When Tommy Couch and Mitchell Malouf founded the Malaco Music Group in Jackson, Mississippi, in 1968, it didn’t start out in the gospel music business. The duo formed the group as a soul music label, emulating Stax, Atlantic, and Chess, among others. In 1975, though, Malaco signed the Jackson Southernaires, mainly because it had acquired the Peacock label on which the group had been appearing. Eventually, Malaco acquired gospel labels such as Savoy, Apollo, Atlanta International, and Shurfine, which gave Malaco a gospel catalog that reached back to the 1940s. As Marovich says of this set, “never before have so many memorable gospel songs from so many significant gospel stars been collected in one package. These songs brightened spirits when they were released and continue to do so whenever they are heard. This collection presents some of the best of African American gospel music and does it with the grace and dignity the songs deserve.”

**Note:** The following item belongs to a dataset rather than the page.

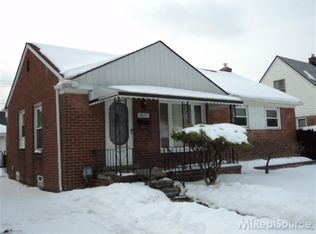 26211 Ronald St, Roseville, MI 48066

While fans of gospel music will be able to graze through a sumptuous feast here, there’s nourishment for everyone. The set contains songs by artists ranging from the familiar — Mahalia Jackson, Sister Rosetta Tharpe, the Original Soul Stirrers, Reverend James Cleveland — to the less familiar (except to gospel fans): The Highway QC’s, Reverend F.C. Barnes & Janice Brown, The New York Restoration Choir. A few of the highlights include The Jackson Southernaires’ moving version of the old spiritual “Sweet Hour of Prayer,” which includes a spoken word narrative floating through the song; Solomon Burke’s stirring version of Thomas A. Dorsey’s “Precious Lord, Take My Hand”; Mahalia Jackson’s lilting “Move on Up a Little Higher,” which is dominated by a stride piano and a jaunty organ playing call and response with each other underneath Jackson’s vocals; and Reverend Benjamin Cone’s “Pray in Your Own Way,” a narrative spoken over a tune that takes its structure from the old spiritual “Wade in the Water.”
Reverend James Cleveland & the Charles Fold Singers’ “Jesus is the Best Thing” plays off the tune of Gladys Knight & The Pips “You’re the Best Thing That Ever Happened to Me.” Myrna Summers’ glorious “Uncloudy Day” illustrates the power of a gospel song to transport us beyond ourselves. Summers’ soaring lead vocals are surrounded by transcendent choral vocals, lifting the roof off the church where the congregation is gathered. Dorothy Norwood’s reggae-inflected “Shake the Devil Off” is an energetic anthem that will have listeners actively dancing around to shake off the temptations they face.
There’s no better way to get acquainted — or re-acquainted — with the joys and beauty of gospel music than by getting lost in the memorable songs, and Marovich’s accompanying book, in The Gospel According to Malaco: Celebrating 75 Years of Gospel Music.